Zaya reprograms the mind of the ship she's provided, granting it free will in the hopes it'll choose to help and not report anything to the authorities. We're told this act essentially constitutes murder with regards to the initial ship mind, but the new version is totally OK with what Zaya did. No concerns, just happy to be free! Huang-Jia marks the difference by depicting the ship's initial projection of its mind as a rigid black rectangle, a miniature version of the doorway in 2001: A Space Odyssey. After, "Lia" (the name Zaya gives the ship) looks more like a floating mass of translucent tentacles.
(Between the highly organic look Lia's mind gets, and the streamlined and sculpted design of the spaceships, the bulky design of Siegram's power suit is all the stranger. You'd almost think he stumbled in from another universe that had a whole different design aesthetic.)
Then you get the whole parallel universe thing where Zaya can't figure out what's going on, and nobody can figure her out, either.

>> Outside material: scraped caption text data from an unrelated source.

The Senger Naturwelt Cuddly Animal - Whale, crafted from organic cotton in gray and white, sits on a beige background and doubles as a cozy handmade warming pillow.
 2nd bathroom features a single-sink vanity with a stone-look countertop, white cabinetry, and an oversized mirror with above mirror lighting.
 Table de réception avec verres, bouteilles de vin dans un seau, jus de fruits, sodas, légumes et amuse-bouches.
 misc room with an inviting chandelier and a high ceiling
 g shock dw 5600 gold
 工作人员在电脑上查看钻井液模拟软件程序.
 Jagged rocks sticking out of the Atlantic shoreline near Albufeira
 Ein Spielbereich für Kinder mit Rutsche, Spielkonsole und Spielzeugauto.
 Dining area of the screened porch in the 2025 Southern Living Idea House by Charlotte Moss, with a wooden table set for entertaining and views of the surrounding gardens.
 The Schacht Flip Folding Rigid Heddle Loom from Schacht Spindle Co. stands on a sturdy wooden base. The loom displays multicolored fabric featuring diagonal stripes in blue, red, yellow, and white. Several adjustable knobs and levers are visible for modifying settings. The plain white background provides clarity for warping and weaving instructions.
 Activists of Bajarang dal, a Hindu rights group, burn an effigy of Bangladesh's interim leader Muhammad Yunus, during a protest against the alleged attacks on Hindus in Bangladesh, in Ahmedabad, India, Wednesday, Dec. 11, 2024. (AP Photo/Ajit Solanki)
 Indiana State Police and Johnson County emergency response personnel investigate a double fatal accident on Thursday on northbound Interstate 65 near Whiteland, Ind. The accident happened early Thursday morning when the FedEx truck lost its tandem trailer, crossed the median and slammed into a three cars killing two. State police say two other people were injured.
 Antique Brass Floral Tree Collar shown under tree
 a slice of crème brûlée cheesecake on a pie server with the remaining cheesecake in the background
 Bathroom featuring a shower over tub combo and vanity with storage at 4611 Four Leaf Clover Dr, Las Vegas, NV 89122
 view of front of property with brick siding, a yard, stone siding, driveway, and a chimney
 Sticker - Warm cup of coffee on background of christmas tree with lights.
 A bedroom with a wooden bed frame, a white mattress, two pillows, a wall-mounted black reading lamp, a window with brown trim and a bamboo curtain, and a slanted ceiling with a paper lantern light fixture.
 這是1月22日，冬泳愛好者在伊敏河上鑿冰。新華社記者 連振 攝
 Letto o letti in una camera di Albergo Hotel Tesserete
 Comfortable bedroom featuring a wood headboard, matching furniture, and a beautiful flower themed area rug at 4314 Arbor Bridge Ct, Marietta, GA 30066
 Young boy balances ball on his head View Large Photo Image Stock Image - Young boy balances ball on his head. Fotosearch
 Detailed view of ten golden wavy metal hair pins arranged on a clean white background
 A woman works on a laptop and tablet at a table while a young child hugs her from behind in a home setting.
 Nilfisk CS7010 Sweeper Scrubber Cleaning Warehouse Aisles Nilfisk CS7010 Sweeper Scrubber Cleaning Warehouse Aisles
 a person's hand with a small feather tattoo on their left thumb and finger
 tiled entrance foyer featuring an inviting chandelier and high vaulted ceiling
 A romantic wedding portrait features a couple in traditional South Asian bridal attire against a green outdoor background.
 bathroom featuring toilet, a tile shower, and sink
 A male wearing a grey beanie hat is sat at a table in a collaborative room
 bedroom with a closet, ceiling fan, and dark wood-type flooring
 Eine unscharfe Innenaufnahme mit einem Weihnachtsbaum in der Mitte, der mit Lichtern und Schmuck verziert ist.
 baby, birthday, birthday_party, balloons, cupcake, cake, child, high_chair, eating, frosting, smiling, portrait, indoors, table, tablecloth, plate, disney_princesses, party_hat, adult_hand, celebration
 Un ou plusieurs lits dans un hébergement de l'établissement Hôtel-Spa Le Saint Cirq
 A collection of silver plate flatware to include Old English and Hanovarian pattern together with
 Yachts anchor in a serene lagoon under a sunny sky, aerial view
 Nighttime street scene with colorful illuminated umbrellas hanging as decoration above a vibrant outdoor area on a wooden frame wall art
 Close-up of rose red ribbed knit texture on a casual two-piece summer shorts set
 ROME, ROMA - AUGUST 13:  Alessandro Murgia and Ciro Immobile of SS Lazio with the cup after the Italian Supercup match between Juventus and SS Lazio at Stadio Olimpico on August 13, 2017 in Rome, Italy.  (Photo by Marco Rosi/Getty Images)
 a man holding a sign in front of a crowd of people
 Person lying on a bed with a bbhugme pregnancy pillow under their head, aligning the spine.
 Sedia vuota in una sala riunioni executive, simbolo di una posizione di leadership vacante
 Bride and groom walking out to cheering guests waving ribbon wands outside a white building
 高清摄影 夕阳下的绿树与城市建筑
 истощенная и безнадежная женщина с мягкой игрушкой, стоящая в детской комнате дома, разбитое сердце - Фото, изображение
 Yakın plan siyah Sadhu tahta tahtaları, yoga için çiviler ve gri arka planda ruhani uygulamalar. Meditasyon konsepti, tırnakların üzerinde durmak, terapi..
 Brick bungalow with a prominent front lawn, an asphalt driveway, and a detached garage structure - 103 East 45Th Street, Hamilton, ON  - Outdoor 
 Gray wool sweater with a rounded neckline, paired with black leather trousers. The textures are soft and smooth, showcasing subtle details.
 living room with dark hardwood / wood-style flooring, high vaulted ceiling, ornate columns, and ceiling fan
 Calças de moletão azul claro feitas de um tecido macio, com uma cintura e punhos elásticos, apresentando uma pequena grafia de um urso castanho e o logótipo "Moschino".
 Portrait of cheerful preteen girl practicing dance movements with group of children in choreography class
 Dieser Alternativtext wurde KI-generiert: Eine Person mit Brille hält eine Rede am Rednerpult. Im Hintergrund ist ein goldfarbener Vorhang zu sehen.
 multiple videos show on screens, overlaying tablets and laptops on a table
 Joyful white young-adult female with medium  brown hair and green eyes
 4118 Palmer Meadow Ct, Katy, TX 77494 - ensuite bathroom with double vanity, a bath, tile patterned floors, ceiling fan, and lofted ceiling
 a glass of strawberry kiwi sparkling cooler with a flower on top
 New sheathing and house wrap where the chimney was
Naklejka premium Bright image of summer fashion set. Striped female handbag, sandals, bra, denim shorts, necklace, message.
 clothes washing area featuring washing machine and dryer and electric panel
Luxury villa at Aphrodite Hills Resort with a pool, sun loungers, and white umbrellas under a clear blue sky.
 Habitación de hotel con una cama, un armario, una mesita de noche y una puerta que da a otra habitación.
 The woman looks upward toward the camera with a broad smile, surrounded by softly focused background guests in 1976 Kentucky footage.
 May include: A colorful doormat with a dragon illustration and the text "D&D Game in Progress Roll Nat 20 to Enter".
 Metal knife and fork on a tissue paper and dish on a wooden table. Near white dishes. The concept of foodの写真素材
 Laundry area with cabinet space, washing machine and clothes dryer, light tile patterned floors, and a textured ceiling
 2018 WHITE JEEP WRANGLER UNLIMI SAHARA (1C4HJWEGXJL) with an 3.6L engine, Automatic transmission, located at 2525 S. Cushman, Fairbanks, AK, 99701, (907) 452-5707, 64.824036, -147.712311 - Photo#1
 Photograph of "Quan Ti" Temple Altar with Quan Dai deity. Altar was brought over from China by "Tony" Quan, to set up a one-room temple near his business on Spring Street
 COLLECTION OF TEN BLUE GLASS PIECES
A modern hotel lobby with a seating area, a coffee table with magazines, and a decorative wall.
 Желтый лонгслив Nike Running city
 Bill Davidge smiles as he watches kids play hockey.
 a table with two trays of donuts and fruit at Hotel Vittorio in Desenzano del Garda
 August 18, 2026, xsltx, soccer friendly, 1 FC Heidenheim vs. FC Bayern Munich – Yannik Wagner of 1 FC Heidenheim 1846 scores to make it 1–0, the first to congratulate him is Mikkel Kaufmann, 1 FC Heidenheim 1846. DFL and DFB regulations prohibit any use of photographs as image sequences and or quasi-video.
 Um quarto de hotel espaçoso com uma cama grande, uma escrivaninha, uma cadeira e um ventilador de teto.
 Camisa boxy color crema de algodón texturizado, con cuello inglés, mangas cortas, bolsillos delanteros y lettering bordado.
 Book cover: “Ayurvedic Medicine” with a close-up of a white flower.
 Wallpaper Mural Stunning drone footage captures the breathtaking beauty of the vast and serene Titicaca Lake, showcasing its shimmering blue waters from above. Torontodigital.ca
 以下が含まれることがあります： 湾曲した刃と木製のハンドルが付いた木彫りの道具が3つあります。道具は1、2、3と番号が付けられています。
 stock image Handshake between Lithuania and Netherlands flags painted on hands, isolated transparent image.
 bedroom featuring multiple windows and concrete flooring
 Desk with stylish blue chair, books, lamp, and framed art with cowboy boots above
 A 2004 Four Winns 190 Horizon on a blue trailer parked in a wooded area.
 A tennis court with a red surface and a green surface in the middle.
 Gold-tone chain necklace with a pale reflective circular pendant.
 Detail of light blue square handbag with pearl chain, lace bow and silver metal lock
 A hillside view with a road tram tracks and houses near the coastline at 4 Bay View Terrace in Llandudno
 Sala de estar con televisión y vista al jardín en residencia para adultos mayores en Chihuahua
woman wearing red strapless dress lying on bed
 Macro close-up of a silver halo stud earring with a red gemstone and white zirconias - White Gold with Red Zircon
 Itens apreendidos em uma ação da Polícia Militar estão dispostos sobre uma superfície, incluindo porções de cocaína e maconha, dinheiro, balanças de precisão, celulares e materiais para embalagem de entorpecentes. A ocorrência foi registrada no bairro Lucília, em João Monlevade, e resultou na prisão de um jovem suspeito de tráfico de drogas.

Where you see how universes apparently repeat certain patterns, just with different players involved. Zaya didn't exist, but her twins still do, via her sister and the killer guy, Siegram, who in this world apparently got Zaya's life. Recruited off the streets, trusted bodyguard, partially retired when he becomes a parent. As for the twins existing in both universes, that's because Siegram is apparently the father in both universes, it's just that in Zaya's case, Crazy Killer Siegram assaulted her in a cloakroom, while Retired Bodyguard Siegram wooed and married Carmen.
(The bit about Zaya getting assaulted is a sudden flashbulb she gets in the middle of a fistfight with Retired Bodyguard Siegram. Doesn't get much weight, more like Movran figured out late in the story he needed something to explain the twins existing in both universes despite different mothers, and that was the best he could manage.)
Also, kind of strange Lia was so excited about being free, but agrees to help Siegram take Zaya to a government agency that wants to use people who drifted in from other universes to try and explore the phenomenon. So the government can exploit it, naturally. It's a life of indentured servitude, for both of them. When Lia had interior guns that could absolutely kill Siegram. Then dump his body (and the first corpse) and just run for it. Instead, we got a distinctly unsatisfying ending.